The problem isn't the tackling of homophobia, which is unquestionably a good thing that should be done, its the weaponisation of that in order to justify the surveillance of children.
 
Remember how the majority of Tory MPs voted against gay marriage including the current equalities minister?
That'll be the ones who lower their flags at half-mast when Wahhabist despot rulers die. Which they may do for Isis one day. If Isis win they'll begin state-building out of swathes of Sunni Iraq and Syria. Today's terrorists become tomorrows 'moderate elements' bringing 'stability' to the region. Anyone who's called a terrorist by the British government ends up having dinner with the Queen.
 
Do you think the tories will do a great deal about what say a private orthodox jewish girls' school is teaching, given that such schools aren't subjected to full ofsted inspections etc?

Or indeed private Islamic schools or private Evangelical schools. These people are alright with more or less whatever going on there because it is legitimised by the free market mantra which they pretend to believe in and fetishise.
 
ban faith schools, or those ones which won't move with the times, as centres of outmoded superstition.

Stop funding them for a start.

How is that not "top down"?

Do you think the tories will do a great deal about what say a private orthodox jewish girls' school is teaching, given that such schools aren't subjected to full ofsted inspections etc?

Private schools aren't state-funded (notwithstanding charitable status). The 'british values' stuff only applies to state schools.
 
The French anti-terrorism agency said that someone who stops eating baguettes could be becoming a terrorist.
They're arresting anyone seen in public without a Beret and necktie.
Thing is tho, i think we can all agree that the problem of people supporting Daesh and so on, is real.

What do you do? Is there anything the state/schools etc can do under todays conditions to ameliorate the problem? What would we do about Daesh etc 'after the revolution' or in an ideal world, cos lets not kid ourselves these problems would disappear overnight? chilango etc

Scott Atran has done a lot of work on this actually talking to Jihadis. He doesn't deny ideology is important as both a motivator and in holding groups together but doesn't see it as the most important factor. He said somewhere that the best predictor of whether someone will commit a terror act is who their friends are. That may fit with Ash's experience of the brother getting excited over the New York skyline. One way would be to talk to/look into people from the same football clubs (he claims that most recruits are action orientated, they go out and do something rather than sitting around in a mosque) or cell mates rather than a grand one size fits all pursue any Muslim who thinks Eastenders is a bit gay.
 
Yeah - we're coming at this from different angles. I'm thinking about day-to-day teaching. Which is here and now and immediate.

No argument from me that homophobia should be clamped down on in schools, but are we really going to label primary school children extremists and subject them to surveillance and monitoring for the rest of their lives because they might parrot something they have heard on telly, from their parents or other kids in the playground?
 
Private schools aren't state-funded (notwithstanding charitable status). The 'british values' stuff only applies to state schools.

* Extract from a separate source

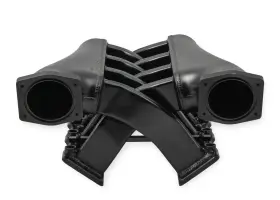 820202 Holley Sniper Efi Fabricated Intake Manifold Dual Plenum 92mm Ls1/2/6 Rail Kit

Which demonstrates how utterly stupid the whole thing is. If this whole issue is so important then surely a private school child blowing themselves up on the tube has the same effect as a comp school kid doing the same?
 
No argument from me that homophobia should be clamped down on in schools, but are we really going to label primary school children extremists and subject them to surveillance and monitoring for the rest of their lives because they might parrot something they have heard on telly, from their parents or other kids in the playground?
Nope - from the people on this thread who have actually recieved the new training for schools, what have we said that's given you any evidence at all that this is going to happen?
 
That'll be the ones who lower their flags at half-mast when Wahhabist despot rulers die. Which they may do for Isis one day. If Isis win they'll begin state-building out of swathes of Sunni Iraq and Syria. Today's terrorists become tomorrows 'moderate elements' bringing 'stability' to the region. Anyone who's called a terrorist by the British government ends up having dinner with the Queen.

Moderate ISIS. :cool:
How is that not "top down"?



Private schools aren't state-funded (notwithstanding charitable status). The 'british values' stuff only applies to state schools.

That was kind of my point really.
 
That'll be the ones who lower their flags at half-mast when Wahhabist despot rulers die. Which they may do for Isis one day. If Isis win they'll begin state-building out of swathes of Sunni Iraq and Syria. Today's terrorists become tomorrows 'moderate elements' bringing 'stability' to the region. Anyone who's called a terrorist by the British government ends up having dinner with the Queen.

You can just see it can't you


'Today we pay tribute to Abu Bakr al-Baghdadi who played such a great contribution to peace in the middle east through bringing the values of law and order to a troubled region and assisting our regional allies in the fight against kurdish seperatism' or something
 
How is that not "top down"?

Oh please! I did not say ban them. I said stop funding them. That's not top down regulation. That's just being true to exactly the kind of values they want to foster. Which, by their very nature, many religions don't agree with.
It's a question of coherence. If they want to instil, say, tolerance and freedom, then they let people do and say whatever they want, but don't pay them to do the exact opposite. If parents want religious schooling then let them get out of bed on Sundays and take their children to church.
 
You can just see it can't you
'Today we pay tribute to Abu Bakr al-Baghdadi who played such a great contribution to peace in the middle east through bringing the values of law and order to a troubled region and assisting our regional allies in the fight against kurdish seperatism' or something
Definitely, international relations is a dirty business of making lousy shit decisions over even worse ones. But its better to jaw-jaw than to war-war.
 
You can just see it can't you


'Today we pay tribute to Abu Bakr al-Baghdadi who played such a great contribution to peace in the middle east through bringing the values of law and order to a troubled region and assisting our regional allies in the fight against kurdish seperatism' or something

I remember when Blair decided to make Gadaffi one of the good guys who was helping us fight terrorism. Although I did start to wonder if I hadn't imagined it, considering no politician or newsreader mentioned it when we started bombing Lybia. You'd think that the fact we were bombing one of the good guys would have been a big deal or something :hmm:
 
The legal framework doesn't paint any more of a scary picture, unless you're aware of something I've missed.
I perhaps should have said legislative framework. I'm talking about a Home Secretary using vague language to base her definition of what constitutes extremism. The government has defined extremism as "vocal or active opposition to fundamental British values, including democracy, the rule of law, individual liberty and mutual respect and tolerance of different faiths and beliefs". If fundamental British values include being against discrimination against gay people, then many churches and religious organisations fall foul of that by being actively and vocally opposed.

Much as we may disagree with such homophobic views, we don't arrive at shared values by criminalising what others believe. We arrive at shared values by engaging in debate.

As an anarchist, I don't believe that representative parliamentary democracy is either representative or democratic in a sense that I'd understand. I assume that this makes me an extremist. But despite that I probably share quite a few values with the mainstream of public opinion. As does the Catholic Church. And so on.
 
Not really sure how you can be in favour of individual liberty and still respect religious organisations which systematically oppose individual liberty but then I guess intellectual rigour isn't one of our core values.